About the Founder of the Research Library: Jeanne X. Kasperson
Jeanne X. Kasperson earned a master's degree in English from The University of Chicago in 1962
and a master's degree in library science from Simmons College in 1967. After working in academic
libraries at The University of Chicago, the University of Connecticut, and Michigan State
University, she joined Clark in 1977 as a Research Librarian for the Hazard Assessment Group
and subsequently served as Research Librarian for the University's Center for Technology,
Environment, and Development, and later the George Perkins Marsh Library. For the years 2000-2002,
Professor Kasperson was on leave from Clark with her husband and Clark Professor Roger
Kasperson, conducting research at the Stockholm Environment Institute in Sweden.
Throughout her career, Professor Kasperson was also an active researcher, pursuing scholarly
interests in the general areas of risk analysis and global environmental change. In 1993, she
was promoted to research associate professor in Clark's George Perkins Marsh Institute. She was
the author of more than 80 articles, books and technical reports, editor of several journals and
recipient of many research grants. She is also recognized by her colleagues as a key contributor
to much of the research undertaken by the George Perkins Marsh Institute. She was co-editor of
the Nature and Society section of the Annals of the Association of American Geographers
with Roger Kasperson. Professor Kasperson was particularly fond of words and tracking down
information that others believed could not be found, leading some colleagues to believe that
when she walked through the library "books talked to her."

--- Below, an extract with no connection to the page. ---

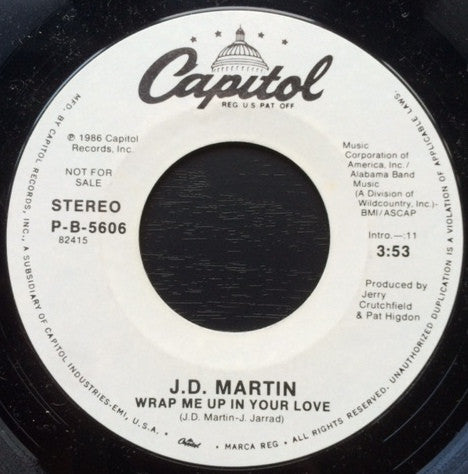 J.D. Martin : Wrap Me Up In Your Love (7", Single, Promo)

Jeanne X. Kasperson was a key member of a highly productive research group at Clark University,
first at the Center for Technology, Environment, and Development (CENTED) and later in its
successor the George Perkins Marsh Institute. This group worked primarily on risk and hazard
issues and later on global environmental change. Jeanne's role was a combination of researcher,
bibliographer, and repository of deep knowledge on the relevant literature, and writer and
editor.
Her publications have a prominent place in risk/hazards and global change research.
Her early research with other group members focused on hazards theory and methodology,
substantially extending the earlier natural hazards paradigm. Perilous Progress: Managing
the Hazards of Technology, published in 1985, summarized theoretical work and case study
applications. Subsequent assessments with Robert Kates profiled the state of hazards research
in the mid-1980s. In the latter part of the same decade, she co-authored a series of works
addressing the "social amplification of risk," an integrated analytic approach addressing
how society processes and responds to the flow of hazards and hazard events. During the 1990s,
she collaborated with Roger Kasperson and Bill Turner on a comparative study of nine
environmentally endangered regions around the world, resulting in
Regions at Risk:
Comparisons of Threatened Environments
published in 1995 and a series of related regional monographs published over the next five years.
In 2001, she and Roger Kasperson published Global Environmental Risk, a work exploring the
use of risk analysis to understand global environmental change. A work is currently in
preparation collecting significant work of Jeanne and her husband Roger, which will be
published in 2003 by Earthscan Press.